This is a real description of my father who is not an “official” shliach. He works for a living, but to him it is obvious that the Rebbe’s shlichus is not limited to those who have the title of shliach, but is the shlichus of every one of Anash.
A typical weekday, four in the afternoon. My father is coming back from work, and we kids know that we have just half an hour to spend with him because at 4:30 the bar mitzva boy is coming. Every Tuesday and Thursday (or Sunday, Tuesday and Wednesday, the schedule doesn’t matter), a not-yet-religious boy comes to our house and my father prepares him for his bar mitzva. They spend an hour together in the living room while we children try to be reasonably quiet so they can learn. We know that our father is doing the Rebbe’s shlichus and we try to take part in this marvelous shlichus, at least by not disturbing. We want to be examples of the purity and refinement of those with a Jewish-Chassidic chinuch.
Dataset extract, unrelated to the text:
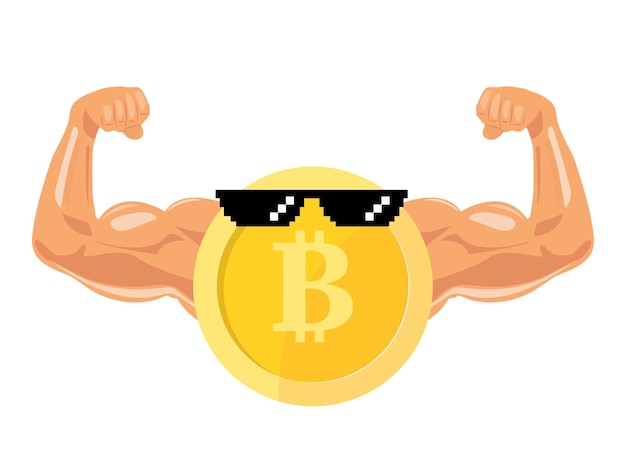 Bitcoin met spieren en suglasses Humoristische illustratie Bitcoin kracht en waardegroei concept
My father considers preparing the boy for his bar mitzva a real shlichus. He does not suffice with what you need to know “according to the book,” but enriches the boy’s heart and mind with knowledge and a deep, authentic Jewish sensitivity. When his father or mother come to pick him up, my father will talk with him or her for a while in order to try and influence the parent too, to come closer to Judaism. More than one or two of these boys who only came to learn how to say the brachos for the Haftora ended up in a Chabad yeshiva. Today they are Lubavitchers.
Many years have passed since the first boys came to our house, and my father still keeps in touch with the hundreds who passed through our house ever since. They are no longer children, of course. They are adults and some probably have grandchildren by now. But even they are excited each year when a few days before Rosh HaShana they get a call from my father.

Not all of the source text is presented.